And why it matters. And why it differs from the other senses. And why am I interested in it? Less important than the other questions, but it is apparent from all kinds of experts that smells register differently than the other senses. I don’t need to provide links for that, do I?
Well, for my sake, perhaps I do.
A smell can bring on a flood of memories, influence people’s moods and even affect their work performance. Because the olfactory bulb is part of the brain’s limbic system, an area so closely associated with memory and feeling it’s sometimes called the “emotional brain,” smell can call up memories and powerful responses almost instantaneously.
The olfactory bulb has intimate access to the amygdala, which processes emotion, and the hippocampus, which is responsible for associative learning. Despite the tight wiring, however, smells would not trigger memories if it weren’t for conditioned responses.

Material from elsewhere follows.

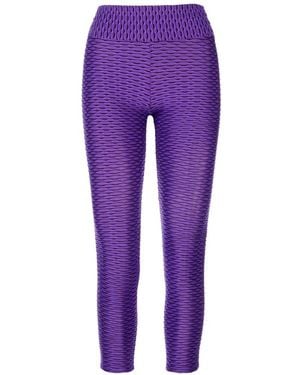 Tessitura Body Couture 3D-Texture Performance Leggings - Purple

When you first smell a new scent, you link it to an event, a person, a thing or even a moment. Your brain forges a link between the smell and a memory — associating the smell of chlorine with summers at the pool or lilies with a funeral. When you encounter the smell again, the link is already there, ready to elicit a memory or a mood. Chlorine might call up a specific pool-related memory or simply make you feel content. Lilies might agitate you without your knowing why. This is part of the reason why not everyone likes the same smells.
Because we encounter most new odors in our youth, smells often call up childhood memories. But we actually begin making associations between smell and emotion before we’re even born. Infants who were exposed to alcohol, cigarette smoke or garlic in the womb show a preference for the smells. To them, the smells that might upset other babies seem normal or even comforting.
Which, of course, brings the reference of Proust and his madeleine.
In In Search of Lost Time (also known as Remembrance of Things Past), author Marcel Proust uses madeleines to contrast involuntary memory with voluntary memory. The latter designates memories retrieved by “intelligence,” that is, memories produced by putting conscious effort into remembering events, people, and places. Proust’s narrator laments that such memories are inevitably partial, and do not bear the “essence” of the past. The most famous instance of involuntary memory by Proust is known as the “episode of the madeleine,” yet there are at least half a dozen other examples in In Search of Lost Time.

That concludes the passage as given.